Pero los cineastas que viven en estos tiempos en donde reina la indiferencia hacia el dolor del otro, el creador tiene la tarea aún más difícil porque resulta que llorar en una pantalla ya no es suficiente para trasmitir dolor. ¿Cuántas lágrimas de cocodrilo no ha presenciado la teleaudiencia de estos tiempos en esos programas de televisión vulgares de la “telerrealidad”? Si lo que a un/una cineasta le interesa es que su público se meta en los zapatos de sus personajes, y más si se trata de un personaje tan sufrido como el que nos ocupa aquí, este verdaderamente se las tiene que jugar todas. Por eso me parece tonto que los críticos le sigan dedicando tanto tiempo a la “veracidad de los hechos” de “Blonde” cuando el tema principal de la cinta es la carnecería que se hizo con esta pobre mujer que lejos de ser una mujer sin imaginación, tenía una sensibilidad enorme en la actuación. La protagonista del filme, Ana de Armas, lo transmite de una forma bella, pero a la vez perturbadora. De ahí que aplauda la nominación al Oscar que ha recibido como mejor actriz. Ojalá gane. Se lo merece.

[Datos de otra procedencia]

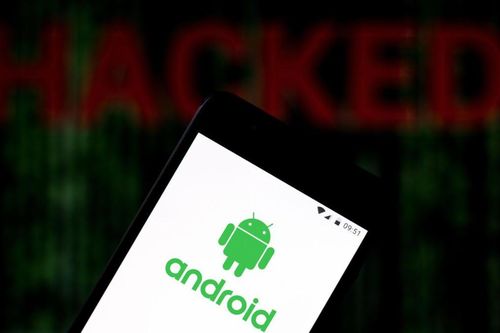 8 ứng dụng Android độc hại bạn cần gỡ bỏ khỏi điện thoại ngay lập tức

En cambio, no aplaudo el que se siga perpetuando la sexualización de Norma Jeane como lo ha hecho EL PAIS hace un par de meses en un artículo que publicó sobre un viaje que la actriz hiciera a México cinco meses antes de su muerte. En el artículo (por razones obvias no incluyo el enlace), se cita a un fotógrafo (hoy es ya es casi un nonagenario) que tuvo la “astucia” de tomarle una foto a Norma en una conferencia de prensa en Ciudad de México de ese mismo viaje mientras descruzaba las piernas dejando su sexo al descubierto. Fotografías como esas, en la era del movimiento “Me Too” (Gracias, señor, porque finalmente las mujeres de la industria cinematográfica despertaron y pusieron en el banquillo a todos esos señores sucios), no se deberían publicar jamás de esta mujer que murió con un teléfono en la mano pidiendo ayuda, auxilio, que alguien se apiadara de ella y de la inmensa soledad a la que condenaron.
*La autora es colaboradora con la revista HISPANORAMA.